(Beginning of THE DATA)
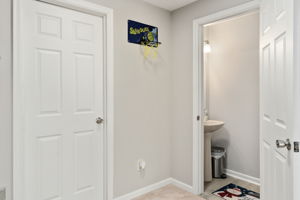  Photo 33
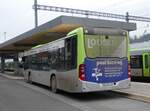 Huttwil/873760/271213---busland-burgdorf---nr (271'213) - Busland, Burgdorf - Nr. 114/BE 828'114 - Mercedes am 17. Januar 2025 beim Bahnhof Huttwil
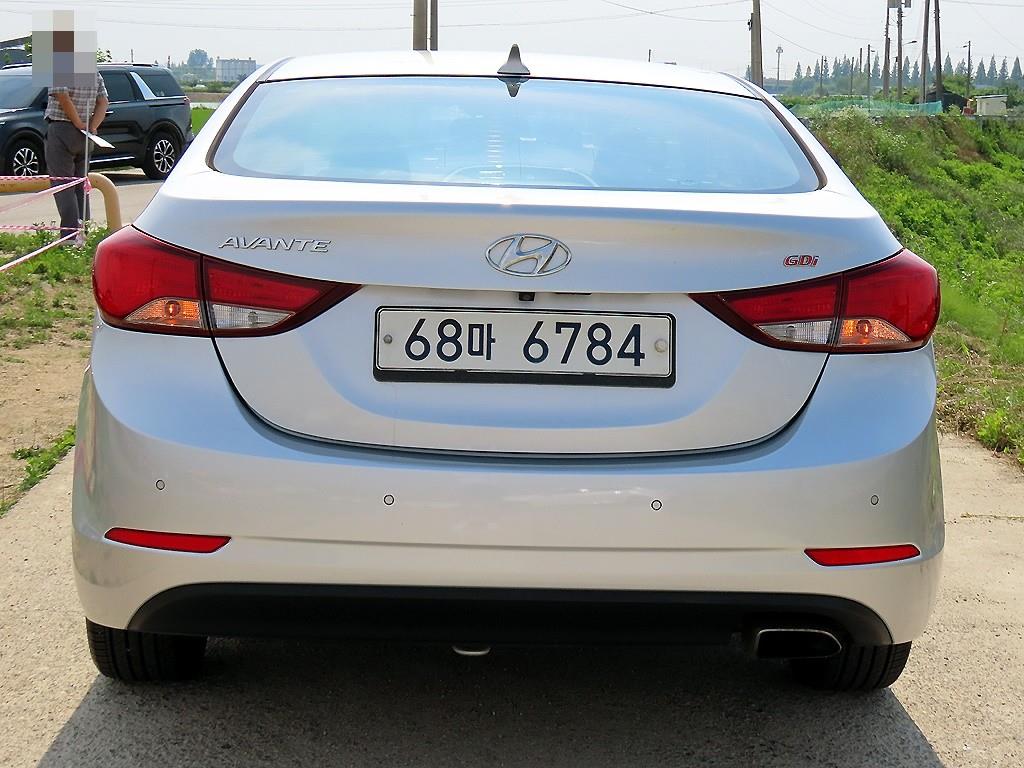 HYUNDAI Avante - Vista 4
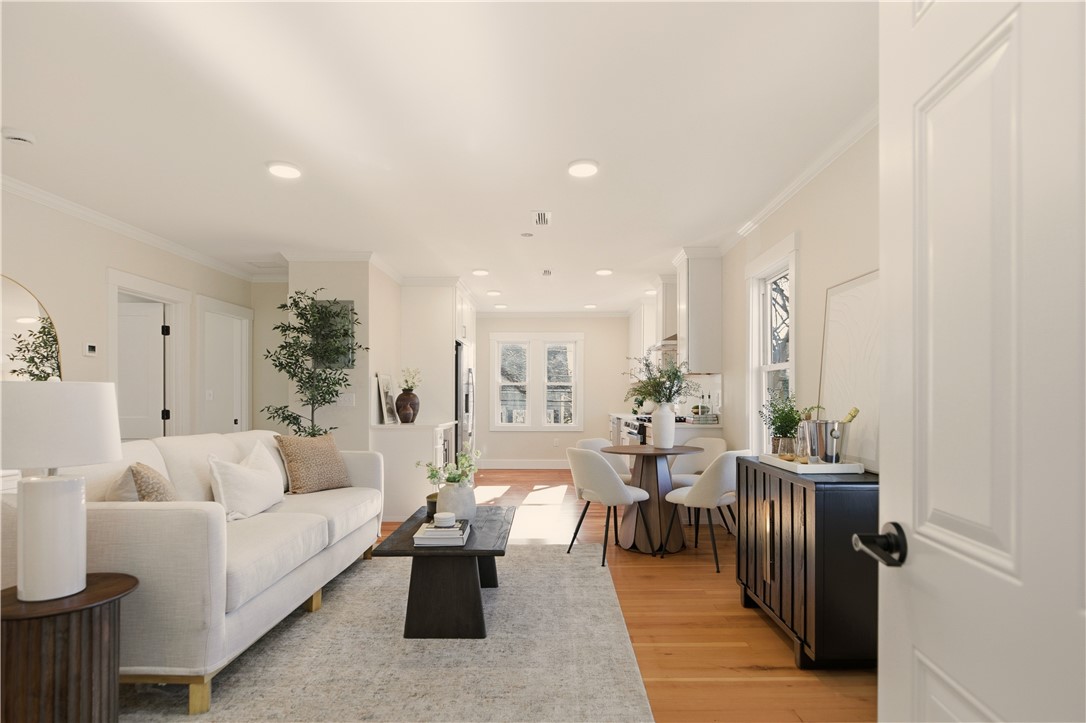 85 Bayview Avenue, Unit 2 Bristol, RI 02809 - Photo 4 of 44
(End of THE DATA)
WHAT YOU HAVE TO DO — Copy everything in the listing above exactly except the pictures.

OUTPUT OF THE EXERCISE —
  Photo 33
 Huttwil/873760/271213---busland-burgdorf---nr (271'213) - Busland, Burgdorf - Nr. 114/BE 828'114 - Mercedes am 17. Januar 2025 beim Bahnhof Huttwil
 HYUNDAI Avante - Vista 4
 85 Bayview Avenue, Unit 2 Bristol, RI 02809 - Photo 4 of 44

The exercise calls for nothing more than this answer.